The important part to remember in this kind of prayer is that it’s usually done in solitude without others knowing. Jesus treasures these kinds of prayers because they imitate His own heart for selflessness and serving others. There is a unique intimacy that can be experienced through this kind of prayer.

Gratitude prayers

Giving thanks to God is like salt—more of an essential ingredient to all meals than it is a meal on its own. Without thankfulness, prayer meals can become bland and have no substance.

After looking at these brief descriptions, I encourage you to start practising them. Reading these descriptions and not trying them is equivalent to me saying I want to be a good cook but I’m only going to read the cookbook and never step into the kitchen.

You may have beliefs that are stopping you from stepping in. Many people don’t feel worthy to talk to God. But Jesus paid the ultimate price for you and I to have access to Father through the Spirit.

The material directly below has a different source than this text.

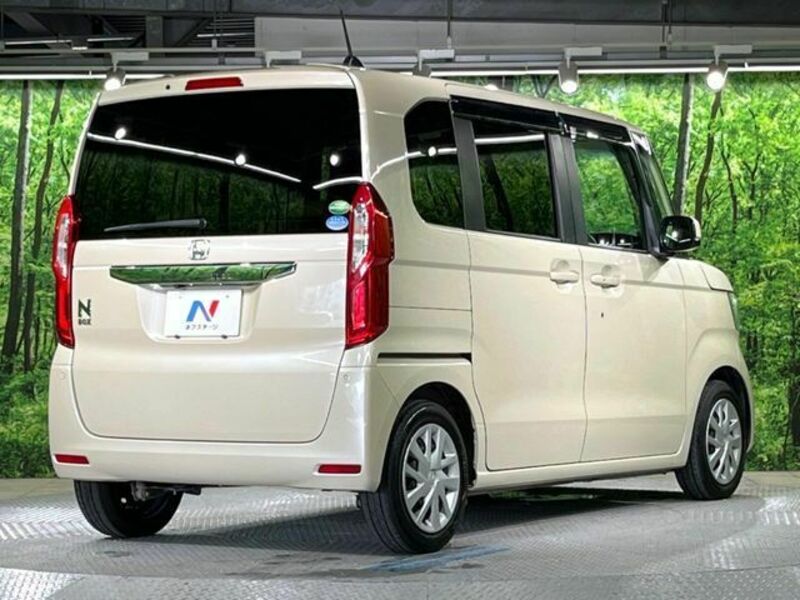 N BOX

Don’t give your feelings of guilt and shame more power than they deserve. You are forgiven, you are loved, and you matter to the Father. 

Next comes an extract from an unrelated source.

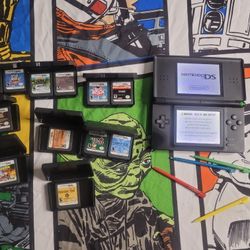 Blue Nintendo DS Console 13 Game Lot Bundle Plus Multiple Stylists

Some people simply don’t know where to start and feel like they could do it all wrong. Maybe you should start with a good stew. It’s hard to mess it up. In other words, start having a conversation with God for five minutes a day (set a timer if you want). Talk about whatever you want.

Maybe you’re like me, and you didn’t realize there were so many different kinds of prayers. You may have been handed the broccoli and not realized there are a whole lot more kinds of food out there. Don’t let the meals you have been given in the past determine the meals you make moving forward.

It is time to step into the kitchen. Just like we all have different taste buds, the Father has created us all uniquely. The way we connect to Him through prayer is going to be just that: unique. You won’t know what you like until you try it. And your taste buds are going to change over time, so don’t be afraid to try new meals. Who knows? You might surprise yourself or get surprised by someone showing up in the process.

My mom’s Sloppy Joe recipe:


1 pound ground beef
1 clove garlic
1 onion chopped
1/2 cup celery diced
1 tablespoon Worcestershire sauce 
2 cups ketchup
1 tablespoon yellow mustard
1 tablespoon relish


Fry garlic, onion, celery in one tablespoon oil.
Add ground beef, stir until brown.
Add all other ingredients and simmer on low for one hour.
Serve on toasted buns.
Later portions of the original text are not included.